I could hear the cows bawling in the background as I stepped out of the truck. Just down the street is the old sale barn where every Saturday for decades now Ranchers have been bringing their Cattle to market. Off to my right, just about the only lights on in town are in what at first appears to be an old work shed. Its 4:45 a.m. and as I look closer, I can see a couple of people scurrying back and forth from one place to another. At this time in the morning, it’s hard to see any signs except one and if you know anything about Texas Barbecue it’s a big sign in the form of a little lady. With a somewhat cult following, this woman is often referred to as the First Lady of Barbecue. Yep, I’ve arrived at Snow’s BBQ in Lexington, Texas and just a few yards away moving from pit to pit is the famous Pit Master, Tootsie Tomanetz.

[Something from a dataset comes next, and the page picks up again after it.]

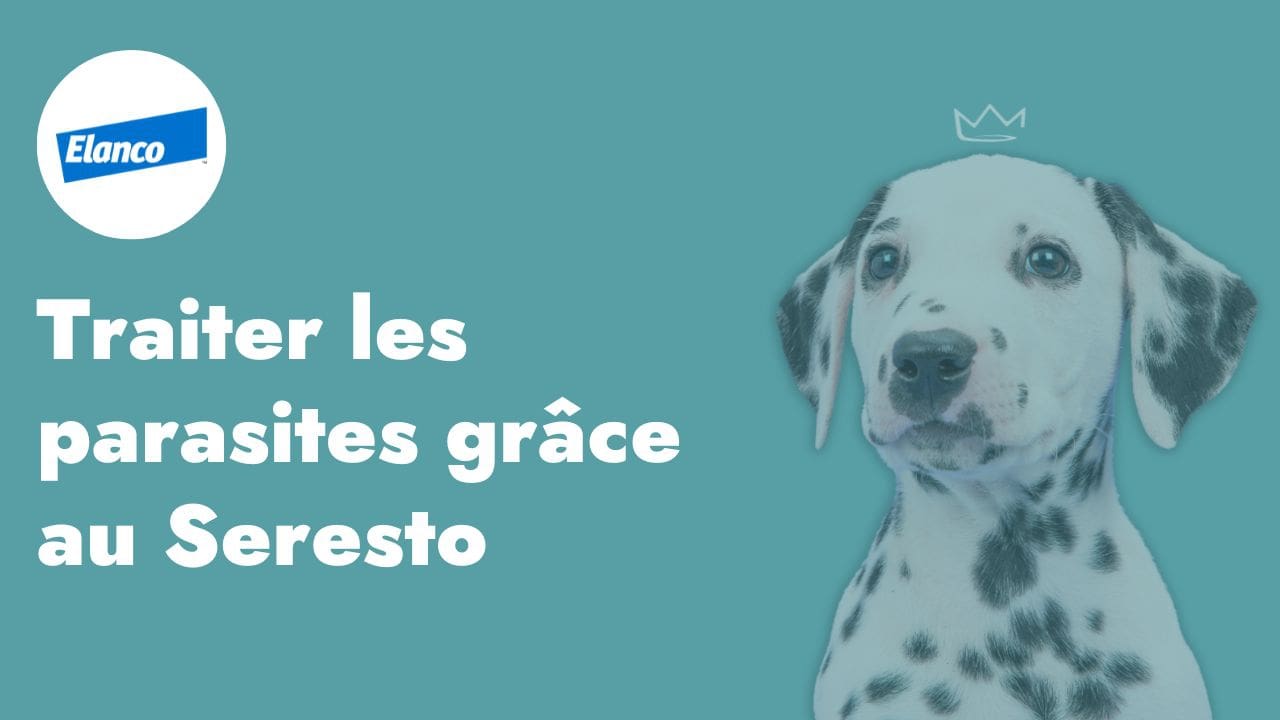 LE COLLIER ANTI-PUCES SERESTO : UN ANTIPARASITAIRE PUISSANT !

With her barbecue roots going back to 1966, Tootsie started working at City Meat Market in Giddings, under the guidance of Pit Master Orange Holloway. Being shorthanded, her husband Edward who already worked there told her about a part time job, so she took it. After just a short time and seeing how well she worked, they hired her full time and Tootsie and her husband continued to work there for the next 10 years. In 1976 they bought City Meat Market in Lexington and continued that business for 20 years as she was busy honing her skills as both a Pit Master and a Butcher. Tootsie says that back then, brisket hadn’t caught on as it has today, and that sausage was the big seller.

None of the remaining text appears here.